British actor and director Ralph Fiennes will receive the CineMerit Award at the 2019 Munich International Film festival (Filmfest München). The festival will also screen the German premiere of his new film The White Crow, which Fiennes has both directed and starred in, playing the part of renowned Leningrad ballet master Alexander Pushkin.
One intense look from him, and he has everyone’s attention. The dance instructor stands in an empty room with calm stoicism and a gentle but determined look. At the ballet barre, his pupils are waiting for his signal. A slight gesture, a terse “Get ready” — and the tone is set. Just as gentle and determined is director Fiennes’ signature touch. In “The White Crow”, his third film as director, he takes a calm and studious approach to the incredible story of legendary Soviet ballet dancer Rudolf Nureyev, who astonished the world with his defection to France in 1961. Nureyev is played by world-class Ukrainian ballet dancer Oleg Ivenko.
“The White Crow” opens in theaters across Germany starting September 26, 2019, distributed by Alamode Film.
“I’m extraordinarily delighted that in Munich we are able to honor Ralph Fiennes, who has just received a European Film Award, and present his latest work as a director. Hardly anyone has contributed to the art of film as uncompromisingly as he has,” comments Diana Iljine, festival director of Filmfest München. “I consider Ralph Fiennes to be one of the most versatile and iconic actors of our time.”
Filmfest München will also be showing the two other films Fiennes has directed — “Coriolanus” (2011) and “The Invisible Woman” (2013), as well as additional films that highlight his acting career.

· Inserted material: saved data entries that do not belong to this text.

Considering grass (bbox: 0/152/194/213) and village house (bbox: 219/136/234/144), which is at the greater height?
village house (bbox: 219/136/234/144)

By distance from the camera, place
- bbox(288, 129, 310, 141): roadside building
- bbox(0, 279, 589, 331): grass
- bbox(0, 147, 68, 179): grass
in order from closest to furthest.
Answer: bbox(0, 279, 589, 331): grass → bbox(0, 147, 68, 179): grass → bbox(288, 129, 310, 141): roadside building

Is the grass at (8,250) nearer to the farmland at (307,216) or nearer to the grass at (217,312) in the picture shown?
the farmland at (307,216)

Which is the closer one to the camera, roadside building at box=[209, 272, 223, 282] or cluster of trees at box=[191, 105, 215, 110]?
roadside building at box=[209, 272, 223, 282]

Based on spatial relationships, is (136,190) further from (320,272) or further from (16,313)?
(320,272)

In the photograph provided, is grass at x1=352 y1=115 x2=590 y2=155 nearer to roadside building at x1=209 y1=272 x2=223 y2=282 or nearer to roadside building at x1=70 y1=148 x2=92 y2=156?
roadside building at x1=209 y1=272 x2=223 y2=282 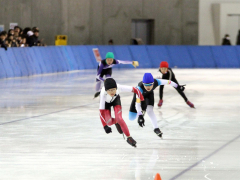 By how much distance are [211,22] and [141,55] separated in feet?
28.1

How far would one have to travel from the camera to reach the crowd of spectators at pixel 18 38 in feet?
75.4

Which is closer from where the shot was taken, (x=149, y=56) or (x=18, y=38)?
(x=18, y=38)

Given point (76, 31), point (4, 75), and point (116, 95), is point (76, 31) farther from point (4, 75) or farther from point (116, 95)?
point (116, 95)

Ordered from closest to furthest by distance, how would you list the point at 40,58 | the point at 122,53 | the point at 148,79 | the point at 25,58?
the point at 148,79
the point at 25,58
the point at 40,58
the point at 122,53

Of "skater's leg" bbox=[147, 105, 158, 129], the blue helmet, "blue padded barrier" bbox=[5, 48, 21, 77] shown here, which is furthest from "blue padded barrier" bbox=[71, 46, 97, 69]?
the blue helmet

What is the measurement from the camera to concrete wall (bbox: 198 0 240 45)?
39.6m

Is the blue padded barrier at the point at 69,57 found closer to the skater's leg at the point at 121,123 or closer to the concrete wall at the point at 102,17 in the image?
the concrete wall at the point at 102,17

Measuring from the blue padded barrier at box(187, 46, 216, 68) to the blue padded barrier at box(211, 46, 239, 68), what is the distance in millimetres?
306

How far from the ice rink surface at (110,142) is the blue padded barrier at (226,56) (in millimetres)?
18091

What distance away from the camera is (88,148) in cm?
862

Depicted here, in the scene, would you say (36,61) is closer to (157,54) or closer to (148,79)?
(157,54)

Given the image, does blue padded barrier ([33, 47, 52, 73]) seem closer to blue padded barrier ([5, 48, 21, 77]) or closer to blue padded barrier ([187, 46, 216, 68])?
blue padded barrier ([5, 48, 21, 77])

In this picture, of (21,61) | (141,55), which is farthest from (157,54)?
(21,61)

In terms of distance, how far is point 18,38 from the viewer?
2453cm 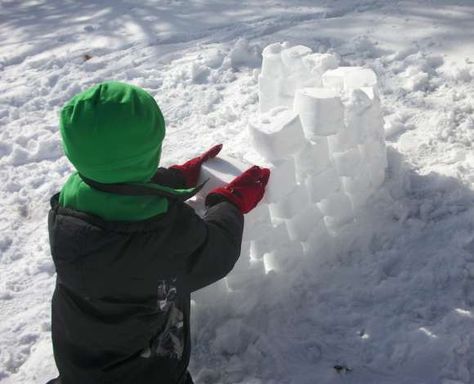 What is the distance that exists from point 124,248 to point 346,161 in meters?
1.11

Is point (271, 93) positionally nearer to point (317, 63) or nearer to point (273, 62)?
point (273, 62)

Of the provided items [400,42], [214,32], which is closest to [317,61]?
[400,42]

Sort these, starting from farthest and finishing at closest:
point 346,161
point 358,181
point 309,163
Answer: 1. point 358,181
2. point 346,161
3. point 309,163

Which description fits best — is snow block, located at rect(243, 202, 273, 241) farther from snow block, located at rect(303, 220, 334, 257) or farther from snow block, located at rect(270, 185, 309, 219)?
snow block, located at rect(303, 220, 334, 257)

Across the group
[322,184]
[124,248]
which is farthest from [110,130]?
[322,184]

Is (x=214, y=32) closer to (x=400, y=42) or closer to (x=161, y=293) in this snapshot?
(x=400, y=42)

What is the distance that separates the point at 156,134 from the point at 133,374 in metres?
0.76

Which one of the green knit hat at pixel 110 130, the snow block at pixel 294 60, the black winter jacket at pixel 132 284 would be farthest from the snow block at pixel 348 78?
the green knit hat at pixel 110 130

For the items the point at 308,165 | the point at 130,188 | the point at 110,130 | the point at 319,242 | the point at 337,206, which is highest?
the point at 110,130

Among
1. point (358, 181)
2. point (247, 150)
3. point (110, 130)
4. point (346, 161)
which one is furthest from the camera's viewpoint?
point (247, 150)

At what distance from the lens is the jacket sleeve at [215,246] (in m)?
1.76

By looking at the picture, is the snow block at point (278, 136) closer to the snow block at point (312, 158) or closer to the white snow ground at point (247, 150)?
the snow block at point (312, 158)

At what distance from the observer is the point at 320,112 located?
2225 mm

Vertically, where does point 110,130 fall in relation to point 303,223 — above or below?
above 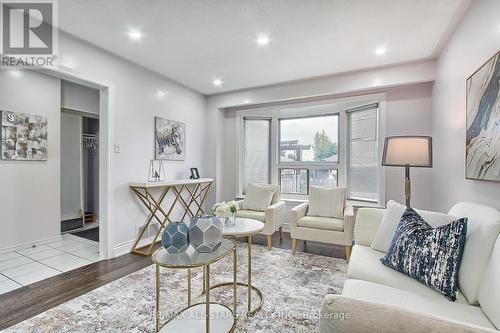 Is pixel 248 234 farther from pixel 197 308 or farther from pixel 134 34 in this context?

Prior to his success in film, Ralph Fiennes was long renowned on the English stage. At the young age of 27, he performed notable parts in Shakespeare plays at London’s National Theatre and with the Royal Shakespeare Company. Even though his career soon led to film, he returned time and again to the theater, playing Hamlet, King Lear, Julius Caesar, and the island sorcerer Prospero. In “Coriolanus”, his first film as director, Fiennes finally brought his appreciation of Shakespeare’s works to the big screen. In the film, he plays the haughty, vindictive general Gaius Marcius Coriolanus, who has drawn the resentment of the Roman people upon himself. In his second film as director, “The Invisible Woman”, Fiennes performed in one of the leading roles, that of legendary British author Charles Dickens, who starts a complicated love affair with a young actress named Nelly. Once again, the director made use of a literary template, Claire Tomalin’s novel of the same title. In his relationship with Nelly, Dickens appears domineering and assertive, but actor Ralph Fiennes succeeds nonetheless in revealing his uncertainty and vulnerability when growing older.